Plot 3 — False Positive Ratio vs Valid Detection Rate

Uses:

  • false_positive_ratio
  • valid_detection_rate
SELECT
    time_bucket(INTERVAL '1 day', ts) AS day,
    AVG(false_positive_ratio)  AS false_positive_ratio,
    AVG(valid_detection_rate)  AS valid_detection_rate
FROM {{bucket_1_positive_class_error_profile_metrics}}
GROUP BY day
ORDER BY day;

What this shows
This plot contrasts how dirty the positive bucket is (false_positive_ratio) with overall correctness (valid_detection_rate).

How to interpret it

  • Days where false_positive_ratio is high but valid_detection_rate remains flat may mean errors are mostly concentrated in positives rather than negatives.
  • If both degrade together, the model is likely struggling broadly (not just in the positive segment).
  • You can use this to explain to stakeholders why precision dropped: because the model is trading global accuracy for more aggressive positive predictions.

Binary vs Multiclass

  • Binary: use label ∈ {0,1} and score as the probability p(y=1 | x).

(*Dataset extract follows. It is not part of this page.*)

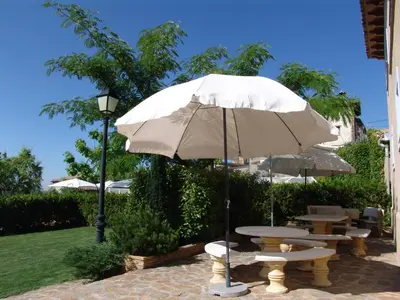 Jardín al aire libre en Apartamentos Casa Sanz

  • Multiclass: choose a {{positive_class_value}} and convert to one-vs-rest:

    CASE WHEN {{label_col}} = '{{positive_class_value}}' THEN 1 ELSE 0 END AS label

    Use the probability for that class as score. Repeat the metric for each class of interest.

Use Cases

  • Risk scoring (fraud, credit, abuse detection)
  • Triage models where analysts work the top-scoring cases
  • Any binary decisioning system with high cost asymmetry between FP and FN

Alternative SQL example

SELECT
  s.bucket AS bucket,

  -- FPR: FP / (FP + TN)
  COALESCE(
    s.fp::float / NULLIF((s.fp + s.tn)::float, 0),
    0
  ) AS adjusted_false_positive_rate,

  -- Bad case rate: (FN + TN) / total  (all cases classified as 0)
  COALESCE(
    (s.fn + s.tn)::float / NULLIF(s.total, 0),
    0
  ) AS bad_case_rate,

  -- False positive ratio: using same FPR definition (FP / (FP + TN))
  COALESCE(
    s.fp::float / NULLIF((s.fp + s.tn)::float, 0),
    0
  ) AS false_positive_ratio,

  -- Valid detection rate: (TP + TN) / total
  COALESCE(
    (s.tp + s.tn)::float / NULLIF(s.total, 0),
    0
  ) AS valid_detection_rate,

  -- Overprediction: (predicted_pos - actual_pos) / total, floored at 0
  GREATEST(
    COALESCE(
      (s.predicted_pos - s.actual_pos) / NULLIF(s.total, 0),
      0
    ),
    0
  ) AS overprediction_rate,

  -- Underprediction: (actual_pos - predicted_pos) / total, floored at 0
  GREATEST(
    COALESCE(
      (s.actual_pos - s.predicted_pos) / NULLIF(s.total, 0),
      0
    ),
    0
  ) AS underprediction_rate,

  -- Total false positive rate: same FPR definition for now (FP / (FP + TN))
  COALESCE(
    s.fp::float / NULLIF((s.fp + s.tn)::float, 0),
    0
  ) AS total_false_positive_rate

FROM
  (
    SELECT
      c.bucket,
      c.tp,
      c.fp,
      c.tn,
      c.fn,
      (c.tp + c.tn + c.fp + c.fn)::float AS total,
      (c.tp + c.fp)::float AS predicted_pos,
      (c.tp + c.fn)::float AS actual_pos
    FROM
      (
        SELECT
          time_bucket (INTERVAL '5 minutes', {{timestamp_col}}) AS bucket,
          SUM(
            CASE
              WHEN {{ground_truth}} = 1
               AND {{prediction}} >= {{threshold}} THEN 1
              ELSE 0
            END
          ) AS tp,
          SUM(
            CASE
              WHEN {{ground_truth}} = 0
               AND {{prediction}} >= {{threshold}} THEN 1
              ELSE 0
            END
          ) AS fp,
          SUM(
            CASE
              WHEN {{ground_truth}} = 0
               AND {{prediction}} < {{threshold}} THEN 1
              ELSE 0
            END
          ) AS tn,
          SUM(
            CASE
              WHEN {{ground_truth}} = 1
               AND {{prediction}} < {{threshold}} THEN 1
              ELSE 0
            END
          ) AS fn
        FROM
          {{dataset}}
        GROUP BY
          bucket
      ) AS c
  ) AS s
ORDER BY
  s.bucket;